I am having to repaint most designs for the tees as I am limited to 6 colors(black and white considered colors also). Most of my paintings have at least 10 colors or more. I thought light pink, medium pink, and dark pink would all be considered one color-PINK. Nope, that is 3 seperate colors!!! I am also finding it is very expensive for the set up charges per design, plus a minimum of 100 shirts per style.OUCH!!! Based on that I am going to start with just 3 or 4 designs and do 2 colors of each. Please wish me luck!!


----------



## mintchip (Apr 19, 2007)

*Good Luck!!!!!!!!!!!!!!!!!!!*


----------



## mckennasedona (Feb 20, 2007)

Best of Luck! I'm sure they will look great. 
At some point, how about a 3/4 length sleeve?? I wear mostly 3/4 sleeves in the summer.


----------



## PMcClain (May 30, 2008)

I love the 3/4 length sleeves too. I would pay more for a tee with the longer sleeves. Love the designs!

Paula
Maggie and Casey


----------



## Havtahava (Aug 20, 2006)

I'm late to this topic, but I prefer a fitted tee with a v-neck. (I will not buy a t-shirt no matter how cute the design is if it has a standard t-shirt neck.) I only buy v-necks or scoopnecks.

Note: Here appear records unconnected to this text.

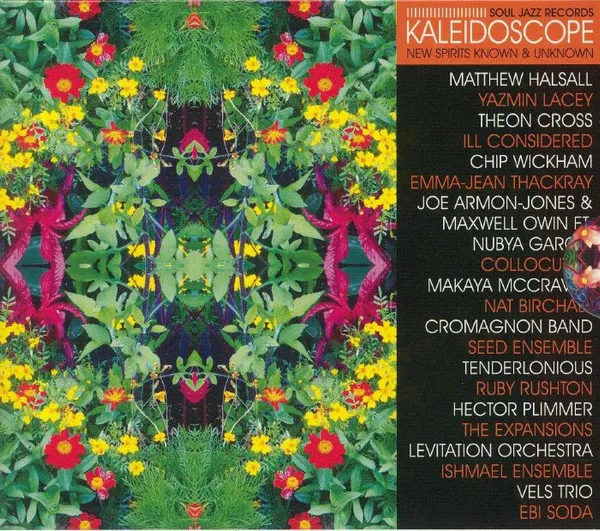 Kaleidoscope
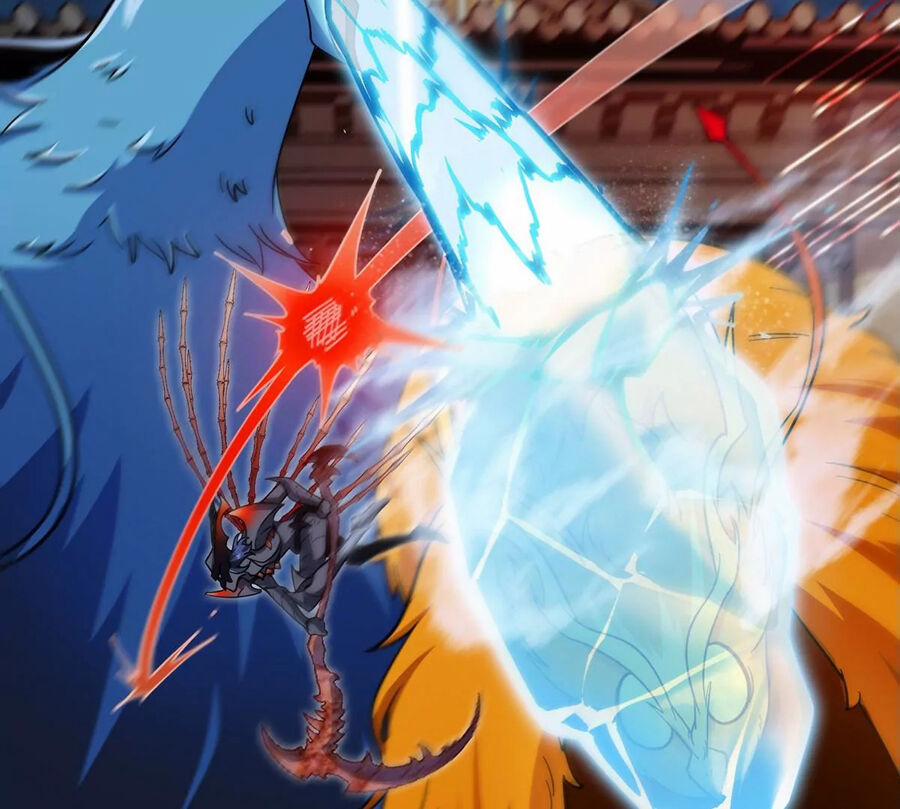 Bản Kiếm Tiên Tuyệt Không Làm Nô 76 trang 56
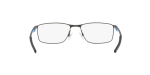 Oakley Socket 5.0 OX3217-04 Satin Black Oakley OX3217 321704 ขาแว่นด้านใน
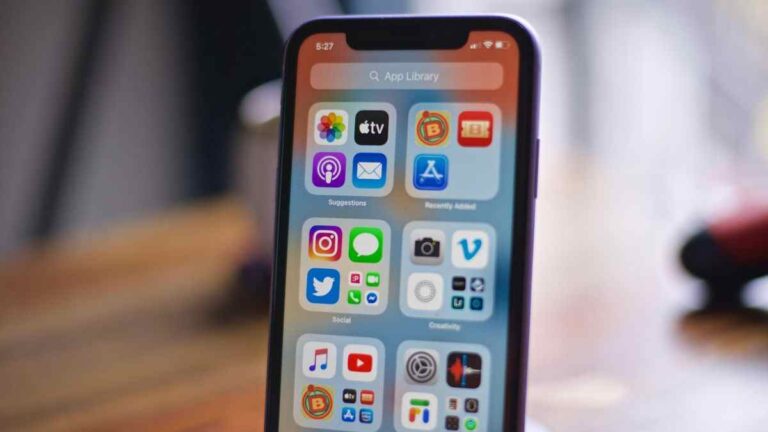 iPhone Telefon Ses Az Gelmesi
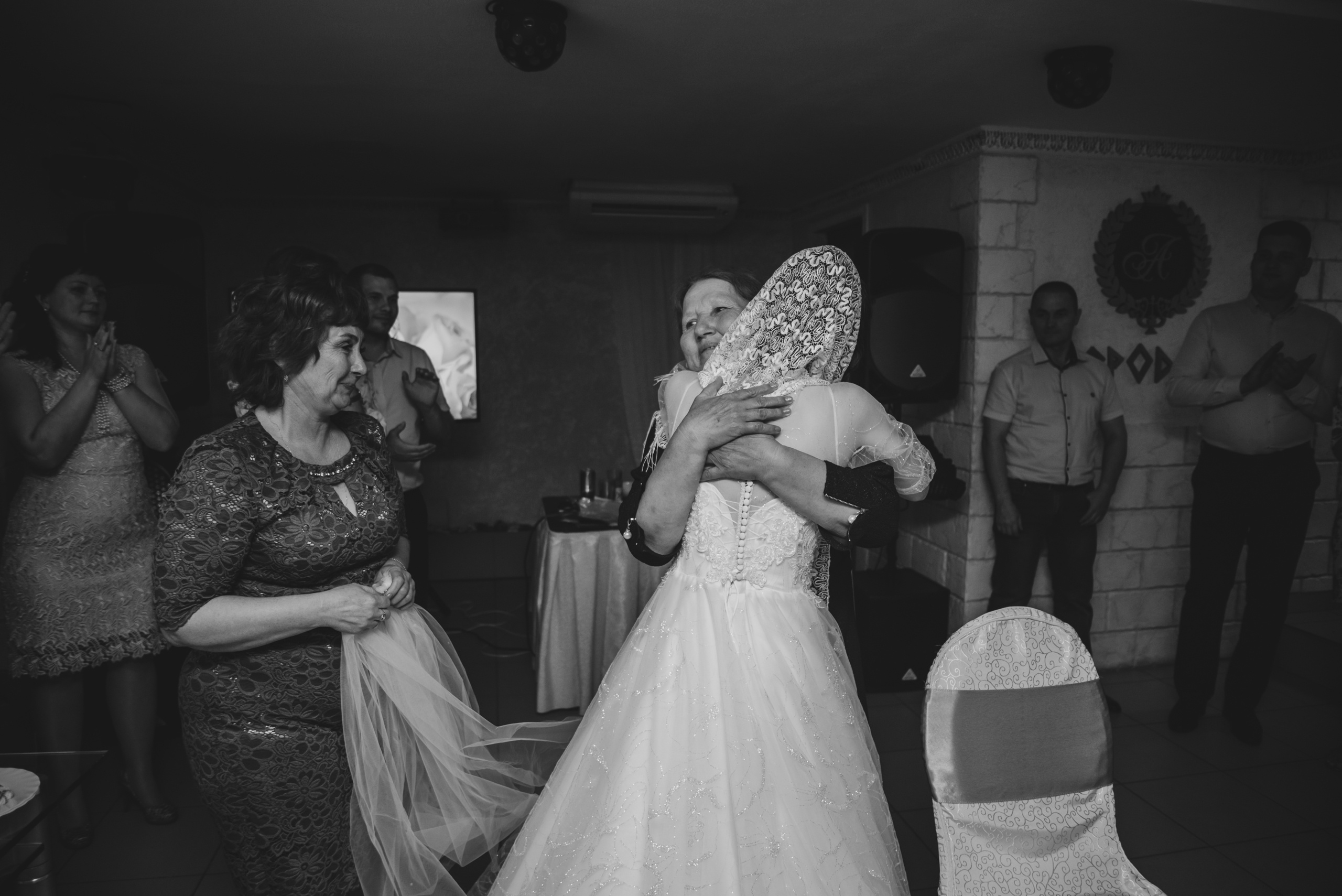 Наталья&Николай. Вероника Дмитриева Фотограф Барнаул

Good luck on your venture! It sounds exciting!


----------



## Scooter's Family (May 23, 2008)

I can't wait!!!


----------



## Tritia (Nov 17, 2007)

I'm in the camp, of only v-neck or scoop. Only one that I wear that is a regular neck, is our schools team logo on it. And only to games, then I rip it off. I feel choked..and like a guy, lol.
And $15 is my max for just a t-shirt.


----------



## Posh's Mom (Dec 20, 2007)

Tritia said:


> I'm in the camp, of only v-neck or scoop. Only one that I wear that is a regular neck, is our schools team logo on it. And only to games, then I rip it off. I feel choked..and like a guy, lol.
> And $15 is my max for just a t-shirt.


ditto.

if by no other choice i receive a tee with a regular neckline, i take out my scissors and "alter" it to a boat neck. but my "style" is definitely my own...


----------



## Lunastar (Feb 9, 2009)

Good luck!


----------